楽天と日本郵政が提携した苦しい舞台裏。ユーザーにメリットはあるか
楽天への出資によって何が変わるのか
そうやって物事は着実に進むようになります。今回の楽天と日本郵政の場合もそうです。1500億円もの出資をしているため、具体的な変化を伴わなければ意味がありません。両社にとってのメリットは以下の通りです。
【日本郵政】
・ゆうパックの取扱量が増える
・アプリなど金融領域での連携ができる
・郵便局で楽天の携帯電話が販売でき、手数料に期待できる
【楽天】
・楽天モバイルの販売拠点が全国に広がり、販売数が拡大する
・ECの物流システムが整理され、サービスが強化できる
・日本郵政の合理化に向けたシステム開発などのDX案件が獲得できる
消費者にとってのメリットとは?
楽天は配送を出店業者に任せてきました。その一方で、アマゾンは自社配送網を整備しており、それが配送サービス力向上につながっていました。楽天と郵政との連携によって、消費者は即日配達などのサービス向上に期待ができます。

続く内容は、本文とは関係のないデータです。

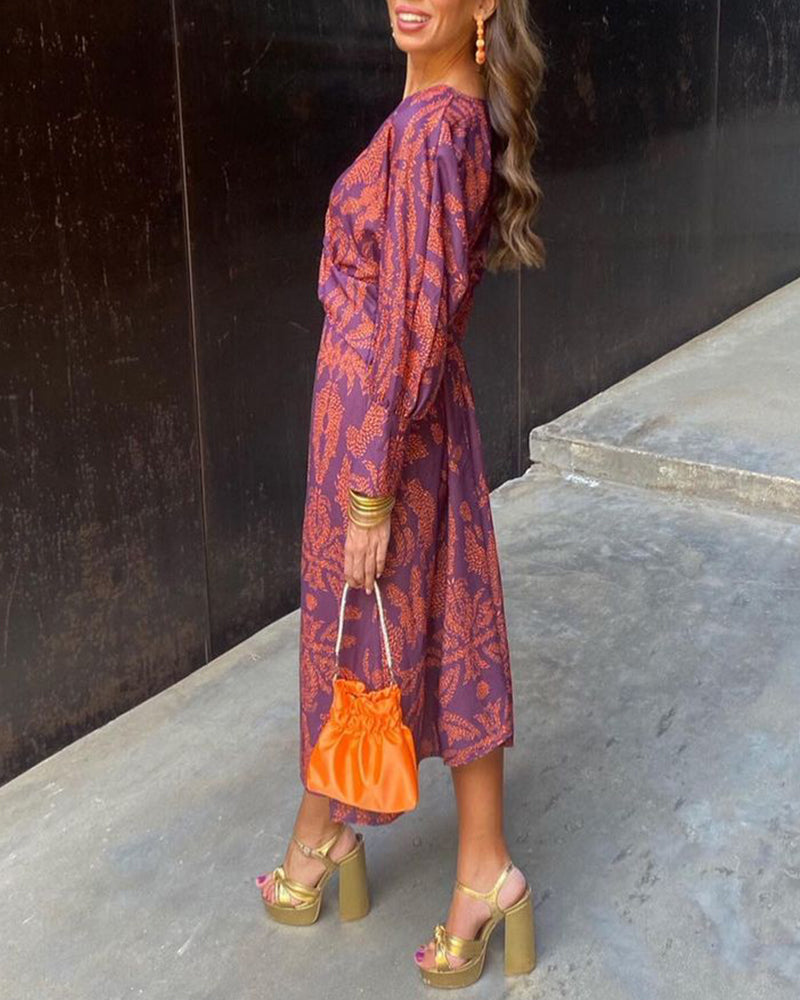 Seraphina | Draped Long Sleeve Wedding Guest Midi Dress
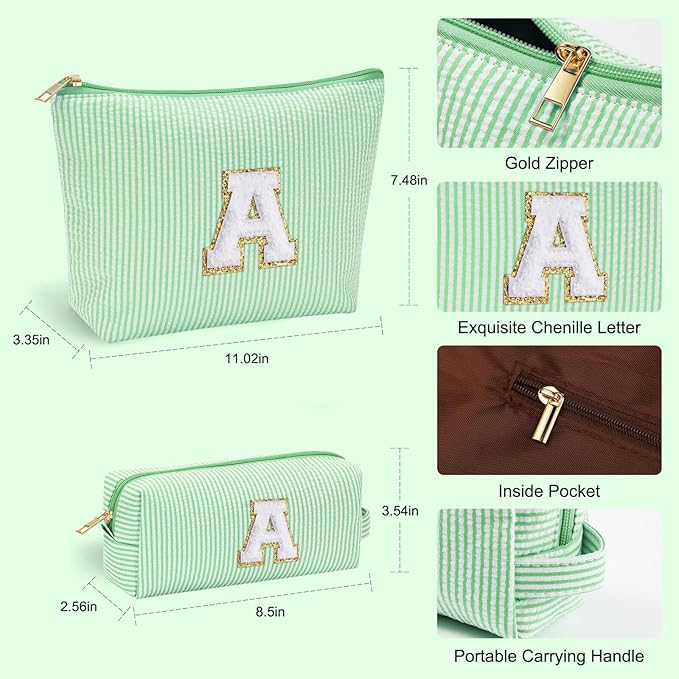 YOOLIFE Initial Makeup Bag for Women Girls - Skin Care for Teens 10-12 | Make Up Bag | Gifts for Women | Graduation Gifts | Mothers Day Gifts | Tween Girls Trendy Stuff Daughter Friend Gifts M, Green
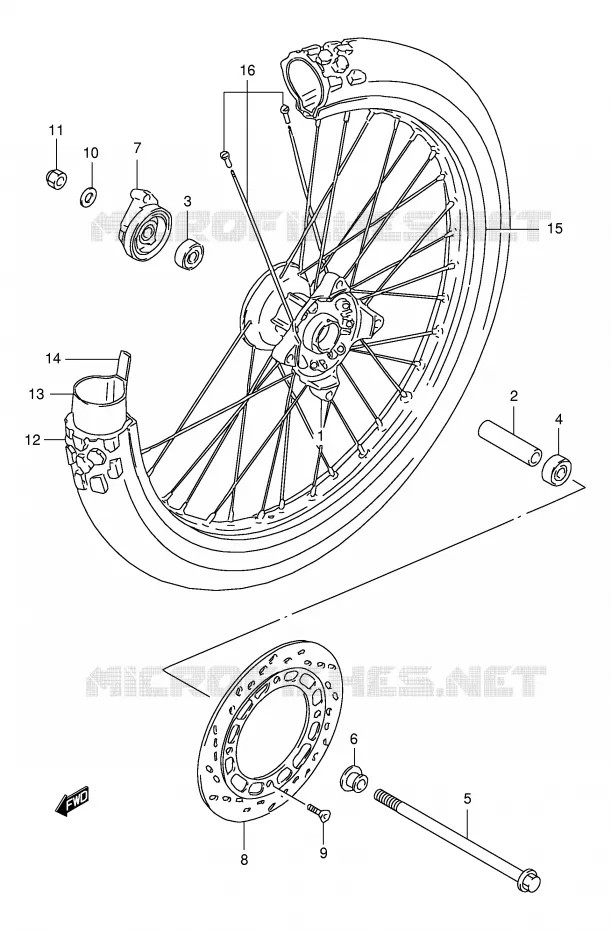 VOORWIEL Suzuki MOTO 125 DR 1998  DR125SEW(E4)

日本郵政は、ハガキ文化が廃れてジリ貧になる郵便事業には期待ができません。いち早く宅配便で稼げる体制が必要です。流通総額4.7兆円の楽天は、それにうってつけの相手でした。
楽天の携帯電話事業においても、郵便局という販売代理店がいることで店舗の出店費用を抑え、全国展開できます。それによって販売数の増加に期待できます。

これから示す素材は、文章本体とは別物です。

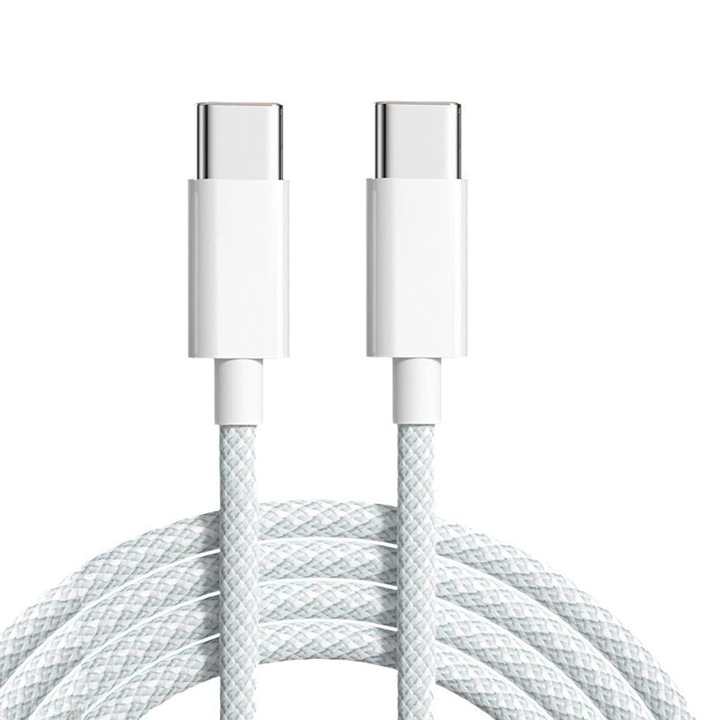 Cablu Fast Charge Timebox 66W, QC 3.0, Type-C la USB-C, 1m, Alb, Transfer Rapid, Compatibil iPhone, Samsung, Huawei, Xiaomi, MacBook, Laptop, Tableta, Incarcare Stabila, Accesoriu Premium, Conectare Versatila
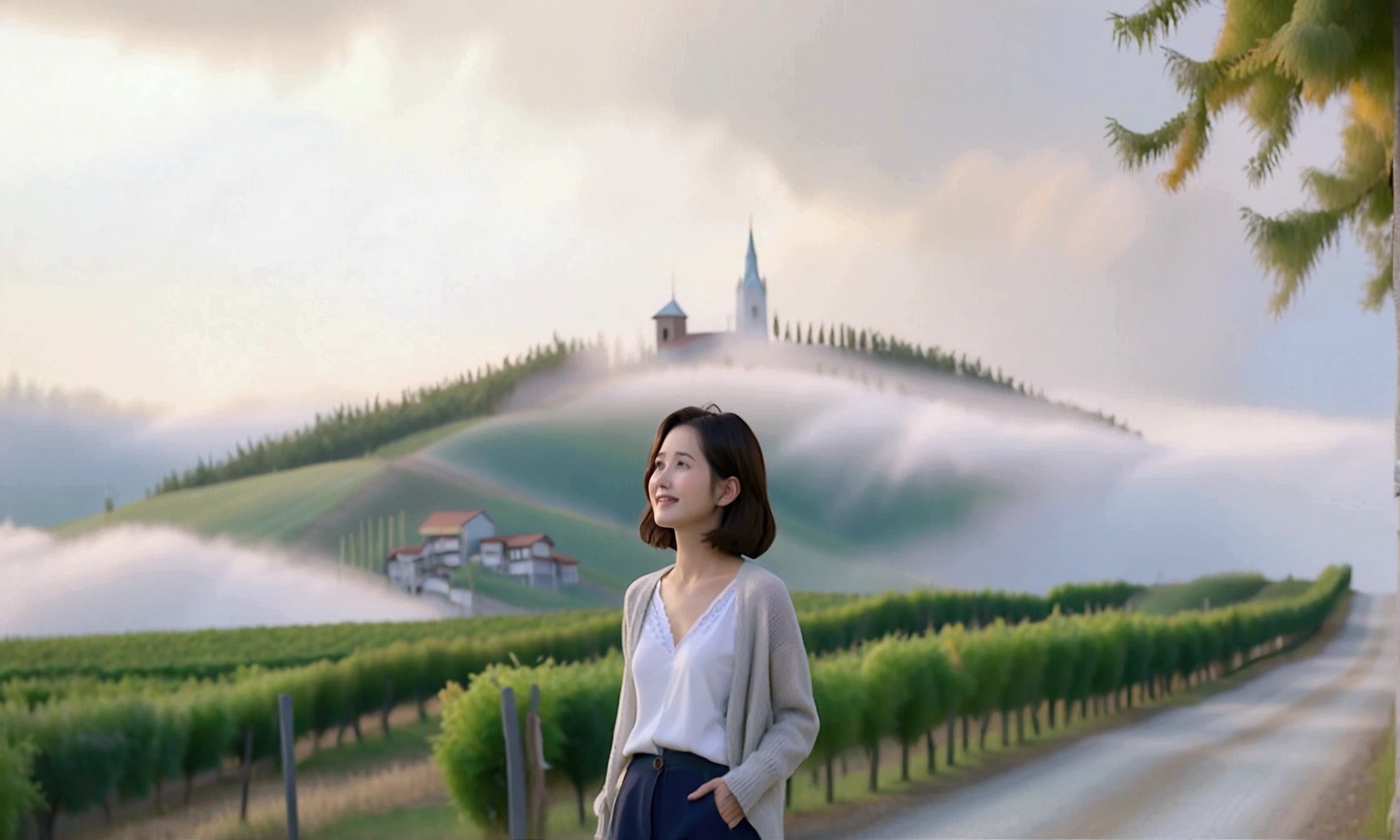 Intentional quality, In 8K, 32K, Photo of a beautiful 36-year-old Korean woman, short medium hair, Inspired by Son Ye-jin, whole body, face focus, Shirt that goes up to the neck and a short cardigan from a luxury brand, beige casual pants, Italian countryside vineyard background, Ranged、make a happy face, 새벽 진한 한개속 The cathedral is visible in the distance, There is thick fog, path, looking up the side, Wear a shirt that covers your chest, The cathedral is visible in the distance, Photo of endless vineyard scenery, look up the side. thick dawn fog, Well-groomed hair, Photo of an elegant and modest woman, Endless vineyards, Vivid picture quality, Clear picture quality, 언덕 위 path, 1 woman, colonnade가 있는 휘어진 path 언덕에서 바라본다. colonnade, The waist area is visible. 휘어진 path에 서있다, colonnade가 있는 어덕길에 서있다. Luxury brand large horn rimmed sunglasses, Sunglasses details, Sunglasses are the same size on both sides, Looking down on the vineyard from the hill, The cathedral is visible in the distance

ただし、明るい未来ばかりではありません。そもそも楽天の携帯電話事業は、他社が格安プランを投入したことで、軌道にのるとは限りません。日本郵政は巨額の資金を投じ、豪物流大手トールとの失敗もあることから、今回の資本提携も「またダメでした、てへぺろ」というわけには絶対にいかないのです。今後の楽天の携帯電話事業の業績から目が離せません。